Black Gold: Aboriginals on the Gold Fields of Victoria

Senior Lecturer at University of Ballarat. His book:  “Black Gold: Aboriginals on the Gold Fields Victoria”  is a part of the first history that documents the role of Aboriginal people on the Gold Fields of Victoria during 1850 to 1870. It details their extensive involvement as miners, police, traders, entertainers and activists.

Fred Cahir:  author & winner of the 2008 Alan Martin Award – expert on Victoria’s Aboriginal history


Victorian Aboriginal families figured significantly in the gold epoch, their involvement ranging from passive presence, active discovery, to shunning the goldfields. A great degree of Aboriginal agency shall be highlighted.
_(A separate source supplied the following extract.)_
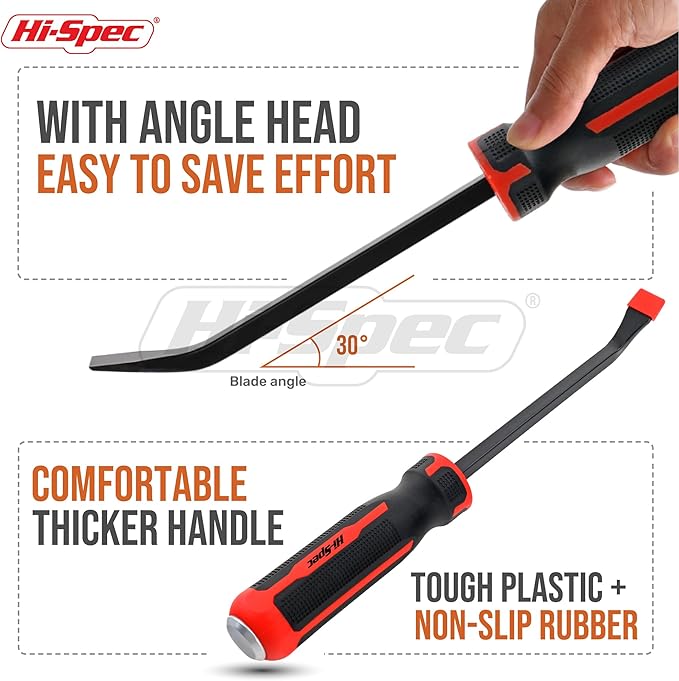 Hi-Spec 1pc Carbon Steel Pry Bar Set - 8" (0.6ft)/ 0.2m Size with Heavy Duty Striking Cap. Ergonomic Comfort Hold Handles for Home & Garage DIY Jobs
Striking and consistent evidence is presented which demonstrates that many Aboriginal families remained in the gold areas, participated in gold mining and interacted with non-Indigenous families in a whole range of hitherto neglected ways, whilst maintaining many of their traditional customs.
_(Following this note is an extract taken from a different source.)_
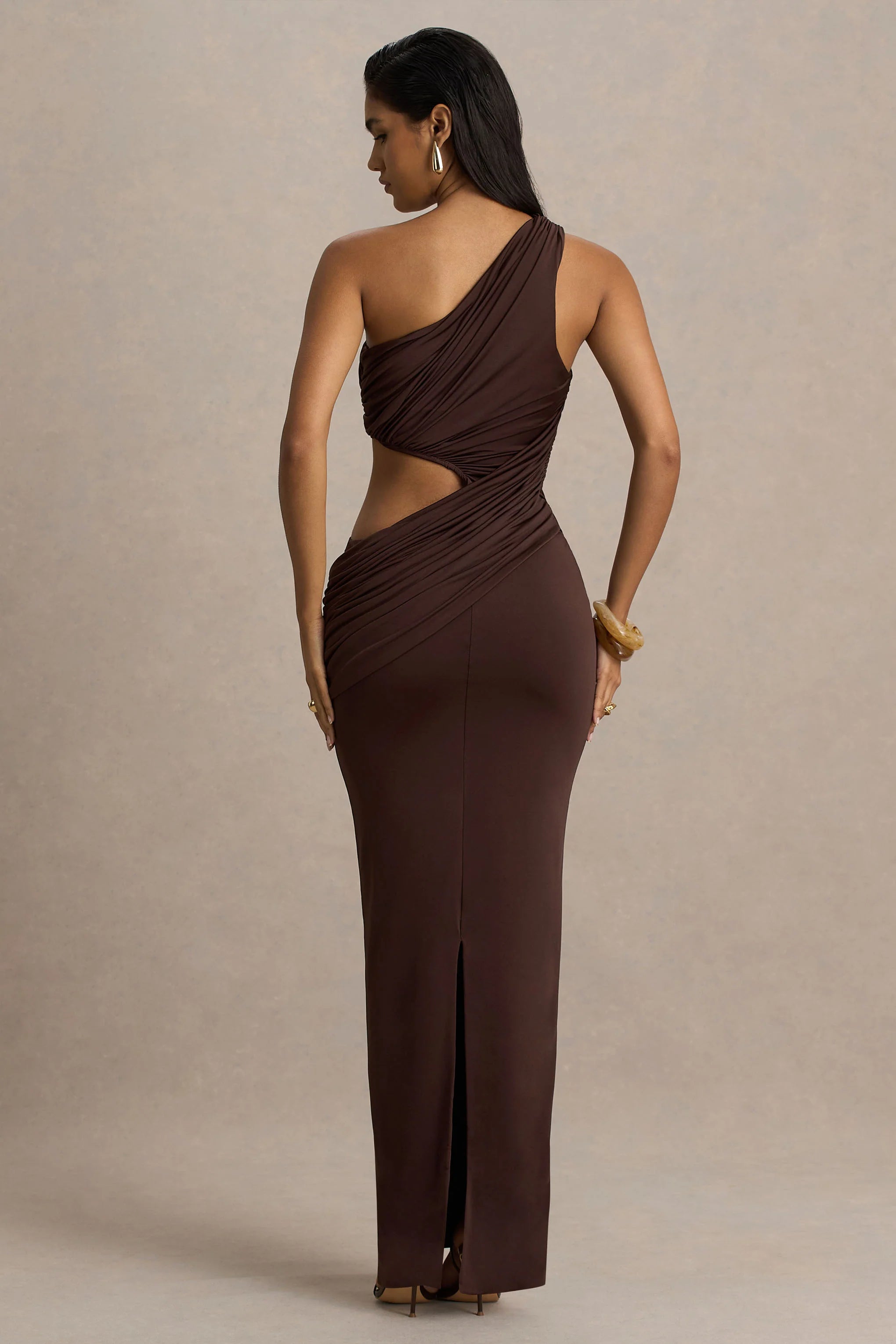 Serefine Brown Asymmetric Neck Maxi Dress With Body Cut Out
Di CampbellDianne Campbell MA

 Lawyers, Publicans & Women

Dianne is a legal historian, freelance writer/editor and author – her interests include the history of lawyers and legal practice on the goldfields of Australasia  & the Anglo-Irish in Australia. She has been involved in the management of NFP organisations since 1976 and in 1987 she was appointed Hon. Secretary at the Emerald Community House by the Shire of Sherbrook, Victoria.

In 1990, Di and her family moved to the provincial city of Ballarat. In 1994, she established the Award winning Central Highlands Waterwatch program whilst project managing creation of Central Highlands Water’s Award winning education materials. Other committee memberships have included: the Board of Life Education Ballarat (1991-1999), Ballarat Theatre Organ Society, and the Back to Invermay Committee.
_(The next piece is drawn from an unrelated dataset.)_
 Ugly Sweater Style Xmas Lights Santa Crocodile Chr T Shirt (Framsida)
In 2007, Di joined Marion Parsonage and together they oversaw the expansion of The Act of Kindness Inc. across Victoria, NSW and SA. In keeping with her commitment to the philosophy of life long education, Di is currently a member of the City of Ballarat’s Heritage Advisory Committee; Central Highlands Historical Assn committee; the committee of Victorian Interpretive Projects Inc., and Treasurer, Invermay Local History Association.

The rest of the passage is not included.